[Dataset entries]

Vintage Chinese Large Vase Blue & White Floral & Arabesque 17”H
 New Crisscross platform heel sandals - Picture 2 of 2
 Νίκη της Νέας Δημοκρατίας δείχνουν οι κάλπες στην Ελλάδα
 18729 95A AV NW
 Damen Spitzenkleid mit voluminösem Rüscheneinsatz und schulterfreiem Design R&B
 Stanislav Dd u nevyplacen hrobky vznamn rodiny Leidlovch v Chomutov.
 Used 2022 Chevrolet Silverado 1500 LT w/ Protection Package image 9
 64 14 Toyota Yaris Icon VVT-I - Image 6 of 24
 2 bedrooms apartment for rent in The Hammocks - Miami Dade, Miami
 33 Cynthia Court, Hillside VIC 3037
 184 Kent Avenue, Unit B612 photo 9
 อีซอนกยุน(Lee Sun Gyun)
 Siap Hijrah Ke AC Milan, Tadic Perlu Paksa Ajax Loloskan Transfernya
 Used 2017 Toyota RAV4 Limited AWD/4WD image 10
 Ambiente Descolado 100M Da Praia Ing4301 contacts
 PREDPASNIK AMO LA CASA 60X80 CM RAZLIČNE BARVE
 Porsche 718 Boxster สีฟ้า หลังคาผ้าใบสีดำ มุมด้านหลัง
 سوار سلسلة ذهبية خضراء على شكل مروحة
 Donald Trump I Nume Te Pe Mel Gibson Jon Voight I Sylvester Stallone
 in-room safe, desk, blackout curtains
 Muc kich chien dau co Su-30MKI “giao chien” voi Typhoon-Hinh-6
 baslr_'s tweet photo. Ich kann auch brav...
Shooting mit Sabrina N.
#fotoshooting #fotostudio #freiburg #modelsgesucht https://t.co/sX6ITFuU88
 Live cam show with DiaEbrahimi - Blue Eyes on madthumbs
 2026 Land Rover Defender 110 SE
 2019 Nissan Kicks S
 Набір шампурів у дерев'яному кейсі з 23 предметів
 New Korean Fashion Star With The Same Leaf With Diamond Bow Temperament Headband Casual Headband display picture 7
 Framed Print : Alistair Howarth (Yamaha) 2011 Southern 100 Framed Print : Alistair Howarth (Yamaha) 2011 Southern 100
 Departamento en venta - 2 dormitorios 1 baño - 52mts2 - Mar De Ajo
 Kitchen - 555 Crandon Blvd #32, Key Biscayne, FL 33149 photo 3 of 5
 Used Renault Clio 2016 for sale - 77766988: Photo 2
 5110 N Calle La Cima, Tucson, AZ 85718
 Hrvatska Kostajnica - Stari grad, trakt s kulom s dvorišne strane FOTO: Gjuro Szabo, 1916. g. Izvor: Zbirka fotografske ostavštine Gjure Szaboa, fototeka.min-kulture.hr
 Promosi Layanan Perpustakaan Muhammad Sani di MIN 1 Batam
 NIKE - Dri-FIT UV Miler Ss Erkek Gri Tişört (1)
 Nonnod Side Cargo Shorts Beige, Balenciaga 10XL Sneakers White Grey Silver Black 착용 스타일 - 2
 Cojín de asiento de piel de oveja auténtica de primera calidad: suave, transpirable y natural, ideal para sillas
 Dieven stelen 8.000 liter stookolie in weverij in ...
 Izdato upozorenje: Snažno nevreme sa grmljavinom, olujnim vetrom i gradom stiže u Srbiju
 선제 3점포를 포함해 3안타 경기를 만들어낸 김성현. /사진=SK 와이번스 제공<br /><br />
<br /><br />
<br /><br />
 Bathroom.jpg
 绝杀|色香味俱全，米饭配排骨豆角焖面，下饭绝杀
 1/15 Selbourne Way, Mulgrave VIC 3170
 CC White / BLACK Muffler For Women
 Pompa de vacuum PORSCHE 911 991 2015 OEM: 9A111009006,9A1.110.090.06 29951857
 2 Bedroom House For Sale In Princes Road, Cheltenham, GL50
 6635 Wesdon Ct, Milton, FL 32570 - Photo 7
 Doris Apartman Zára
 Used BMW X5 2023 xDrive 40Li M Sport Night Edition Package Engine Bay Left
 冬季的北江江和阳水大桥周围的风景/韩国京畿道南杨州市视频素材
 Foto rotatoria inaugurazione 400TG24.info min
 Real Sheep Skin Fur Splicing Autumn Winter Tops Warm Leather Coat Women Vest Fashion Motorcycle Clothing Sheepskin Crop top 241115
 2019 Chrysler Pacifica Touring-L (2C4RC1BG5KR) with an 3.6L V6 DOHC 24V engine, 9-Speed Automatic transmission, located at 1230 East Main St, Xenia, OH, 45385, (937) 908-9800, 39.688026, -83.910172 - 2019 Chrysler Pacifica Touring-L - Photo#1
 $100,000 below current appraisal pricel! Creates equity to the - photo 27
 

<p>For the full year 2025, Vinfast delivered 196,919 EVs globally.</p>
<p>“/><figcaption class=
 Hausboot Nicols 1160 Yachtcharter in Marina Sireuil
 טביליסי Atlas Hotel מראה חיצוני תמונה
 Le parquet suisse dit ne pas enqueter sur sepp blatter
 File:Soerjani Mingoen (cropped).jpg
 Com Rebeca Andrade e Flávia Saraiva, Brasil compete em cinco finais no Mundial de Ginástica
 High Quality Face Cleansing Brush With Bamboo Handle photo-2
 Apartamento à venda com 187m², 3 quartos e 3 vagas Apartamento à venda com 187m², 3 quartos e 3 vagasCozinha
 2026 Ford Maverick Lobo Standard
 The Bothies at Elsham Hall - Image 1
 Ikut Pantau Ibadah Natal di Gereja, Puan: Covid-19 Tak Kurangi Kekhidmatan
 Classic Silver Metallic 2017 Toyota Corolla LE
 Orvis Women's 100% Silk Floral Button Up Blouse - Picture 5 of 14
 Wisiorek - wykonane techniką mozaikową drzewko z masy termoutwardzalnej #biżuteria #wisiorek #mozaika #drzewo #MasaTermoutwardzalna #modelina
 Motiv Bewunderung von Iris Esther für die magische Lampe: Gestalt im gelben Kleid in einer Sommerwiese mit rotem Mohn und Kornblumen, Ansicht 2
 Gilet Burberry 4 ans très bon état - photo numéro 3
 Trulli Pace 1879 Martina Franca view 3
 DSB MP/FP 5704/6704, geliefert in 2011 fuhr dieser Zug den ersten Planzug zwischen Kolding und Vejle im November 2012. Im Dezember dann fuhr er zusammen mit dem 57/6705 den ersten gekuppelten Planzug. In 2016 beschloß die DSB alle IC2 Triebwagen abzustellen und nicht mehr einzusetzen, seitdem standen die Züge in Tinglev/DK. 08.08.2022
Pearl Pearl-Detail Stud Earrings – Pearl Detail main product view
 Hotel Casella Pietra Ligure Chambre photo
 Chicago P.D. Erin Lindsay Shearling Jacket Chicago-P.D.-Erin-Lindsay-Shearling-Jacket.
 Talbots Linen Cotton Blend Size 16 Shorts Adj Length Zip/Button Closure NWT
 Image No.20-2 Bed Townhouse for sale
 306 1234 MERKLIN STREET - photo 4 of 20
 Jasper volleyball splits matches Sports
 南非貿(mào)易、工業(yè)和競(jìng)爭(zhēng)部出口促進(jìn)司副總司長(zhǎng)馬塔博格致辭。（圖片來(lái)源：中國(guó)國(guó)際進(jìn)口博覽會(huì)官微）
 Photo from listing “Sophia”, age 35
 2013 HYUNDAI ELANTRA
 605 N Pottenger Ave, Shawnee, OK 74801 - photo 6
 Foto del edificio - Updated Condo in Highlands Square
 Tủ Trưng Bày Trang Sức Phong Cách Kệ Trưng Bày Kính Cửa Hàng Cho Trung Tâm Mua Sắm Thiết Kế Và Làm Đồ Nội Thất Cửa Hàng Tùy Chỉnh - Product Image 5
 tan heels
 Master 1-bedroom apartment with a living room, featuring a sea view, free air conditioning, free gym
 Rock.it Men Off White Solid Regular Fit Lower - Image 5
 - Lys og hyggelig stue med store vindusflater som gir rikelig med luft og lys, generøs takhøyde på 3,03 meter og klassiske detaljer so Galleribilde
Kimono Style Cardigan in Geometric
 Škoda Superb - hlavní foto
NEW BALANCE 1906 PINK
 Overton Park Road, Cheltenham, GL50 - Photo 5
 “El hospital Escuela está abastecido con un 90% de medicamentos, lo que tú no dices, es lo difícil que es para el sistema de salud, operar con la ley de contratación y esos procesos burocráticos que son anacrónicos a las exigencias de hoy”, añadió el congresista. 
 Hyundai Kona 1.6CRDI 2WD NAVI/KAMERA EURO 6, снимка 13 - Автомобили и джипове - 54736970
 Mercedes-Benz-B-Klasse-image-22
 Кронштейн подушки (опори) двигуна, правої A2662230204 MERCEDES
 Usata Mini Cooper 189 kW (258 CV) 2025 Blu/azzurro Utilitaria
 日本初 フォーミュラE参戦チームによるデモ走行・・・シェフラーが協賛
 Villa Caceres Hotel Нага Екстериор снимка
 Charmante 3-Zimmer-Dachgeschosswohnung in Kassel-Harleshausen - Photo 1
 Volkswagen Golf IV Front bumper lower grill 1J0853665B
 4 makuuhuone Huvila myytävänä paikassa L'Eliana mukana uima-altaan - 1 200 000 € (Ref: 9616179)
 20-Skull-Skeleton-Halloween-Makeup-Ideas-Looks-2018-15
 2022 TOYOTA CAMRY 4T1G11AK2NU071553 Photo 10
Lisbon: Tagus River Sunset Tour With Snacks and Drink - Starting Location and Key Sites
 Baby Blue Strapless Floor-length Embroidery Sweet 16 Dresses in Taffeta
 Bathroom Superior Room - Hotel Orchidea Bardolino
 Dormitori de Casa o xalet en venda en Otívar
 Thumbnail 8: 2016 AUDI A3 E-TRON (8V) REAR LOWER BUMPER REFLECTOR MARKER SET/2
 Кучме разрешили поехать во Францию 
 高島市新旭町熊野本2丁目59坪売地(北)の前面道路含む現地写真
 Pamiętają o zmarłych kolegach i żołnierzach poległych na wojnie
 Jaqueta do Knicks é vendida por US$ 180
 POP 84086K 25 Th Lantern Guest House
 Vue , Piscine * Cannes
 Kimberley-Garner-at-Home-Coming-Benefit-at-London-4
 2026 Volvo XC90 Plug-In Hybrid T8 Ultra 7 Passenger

### ASSIGNED TASK
Up to and including the line with "64 14 Toyota", write out the records above exactly, starting from their first line.

### OUTPUT BELOW
Vintage Chinese Large Vase Blue & White Floral & Arabesque 17”H
 New Crisscross platform heel sandals - Picture 2 of 2
 Νίκη της Νέας Δημοκρατίας δείχνουν οι κάλπες στην Ελλάδα
 18729 95A AV NW
 Damen Spitzenkleid mit voluminösem Rüscheneinsatz und schulterfreiem Design R&B
 Stanislav Dd u nevyplacen hrobky vznamn rodiny Leidlovch v Chomutov.
 Used 2022 Chevrolet Silverado 1500 LT w/ Protection Package image 9
 64 14 Toyota Yaris Icon VVT-I - Image 6 of 24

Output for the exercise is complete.